Türkiye’de hayvancılığın problemlerini aşmak ve tedbirleri yüksek önem düzey uygulayacaklarını kaydeden Bakan Fakıbaba, bu konuda da 2018 hedefini açıklayarak, “Bu konuda ilk önceliğimiz etkili çalışmalar yaparak, buzağı ölümlerini sonlandırmak olacaktır. Sonlanmaz ama yüzde 5’e düşürür müyüz? Düşürürüz. 2018’de hedefi söylüyorum. Büyük işletmelerde değil, onlarda yüzde 1 veya 0 olabilir.
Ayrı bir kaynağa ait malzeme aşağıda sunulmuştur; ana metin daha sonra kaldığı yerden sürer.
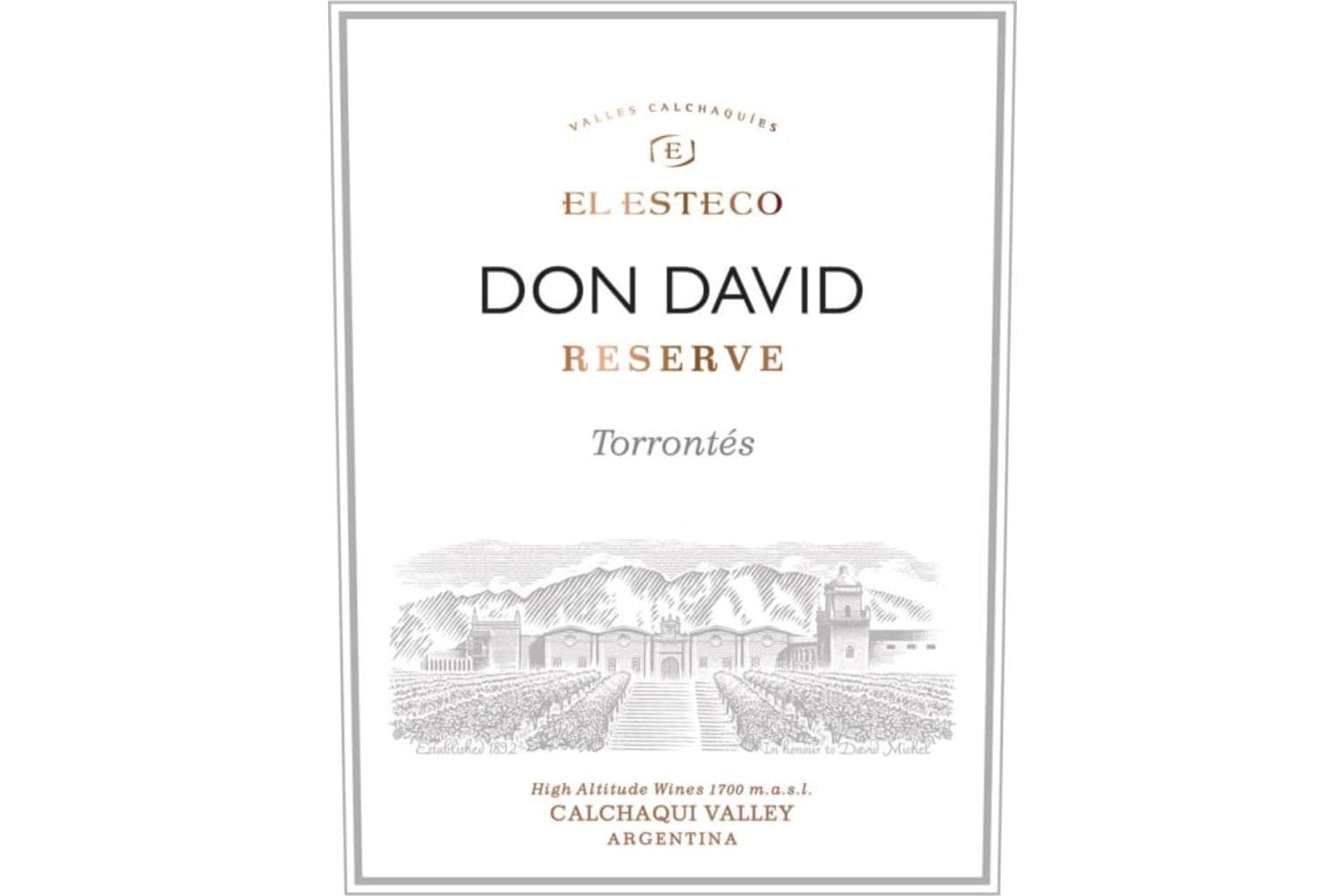 El Esteco Don David Reserve Torrontes 2022 750mL Bottle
ABD’den iyiler ama küçük ve orta ölçekli işletmelerde bu oran yüzde 5 kabul edilebilir bir orandır. Şu anda bu oran Türkiye geneli yüzde 15 civarında. Bunu öncelikle yüzde 5’e indirmek, daha sonra da daha aşağıya çekmek olacaktır. Hayvan sayıları çalışmalarında, buzağı kaybını önlemede bir seferberlik başlatıyoruz. Tek başına ben bir şey yapamam hep birlikte bunu yapacağız” dedi.
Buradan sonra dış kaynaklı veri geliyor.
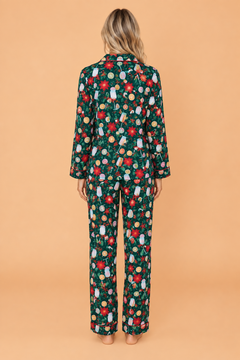 Christmas Buttoned Collar Top & Pants Pajama Set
Hayvan hastalıklarıyla mücadelede ve buzağı ölümleri konusunda Sağlık Bakanlığı gibi olunması gerektiğini vurgulayan Bakan Fakıbaba, “Esasında Sağlık Bakanlığı gibi olmamız gerekiyor. Sağlık Bakanlığı ne yapıyor? Buradan kutluyorum hem şimdiki Sağlık Bakanımızı hem de ondan önceki bakanımızı. Bir tek çocuk ölüm oranı olduğunda anında kaydediliyor. Bakan cep telefonundan nerede çocuk kaybı var, niye bu çocuk kaybı oldu, nasıl oldu, neden oldu onların araştırmasını yapıyor. Arkadaşlar ben de, sizler de bunu yapacağız. Çocuk ölüm oranları nasıl düştüyse, buzağı ölüm oranları ve anne ölüm oranları da düşecek” ifadelerini kaydetti.
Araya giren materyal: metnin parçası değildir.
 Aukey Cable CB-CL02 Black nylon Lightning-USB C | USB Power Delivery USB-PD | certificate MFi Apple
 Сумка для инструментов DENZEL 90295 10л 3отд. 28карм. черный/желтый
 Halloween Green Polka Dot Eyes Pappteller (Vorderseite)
“500 bin buzağı et ithalatının önüne geçer”
Buzağı ölümünün yüzde 5’e düşürülmesi durumunda 500 bin buzağı kar edeceklerini ve et ithalatının önüne geçilebileceğini ifade eden Fakıbaba, “Vatandaş diyor ki; ‘et ithalatı ne zaman duracak? Bu ölümler durduğu zaman duracak. Dışarıdan almış olduğumuz hayvan sayısı 500 bin. Bunu biz yapacağız. Bu kabahat bizim. 500 bin yavru kayboluyor, bırakın et ithalatını bu yavru ya. Biz bu 500 bini kurtarabiliriz. Oraya gidiyoruz bizden et alın buraya gidiyoruz bizden alın deyip duruyorlar. Ayıptır. Yakışmıyor bize, şu koca ülkeye yakışmıyor. Biz eğer 750 binden 500 bini kurtaramıyorsak yazıklar olsun bize” şeklinde konuştu.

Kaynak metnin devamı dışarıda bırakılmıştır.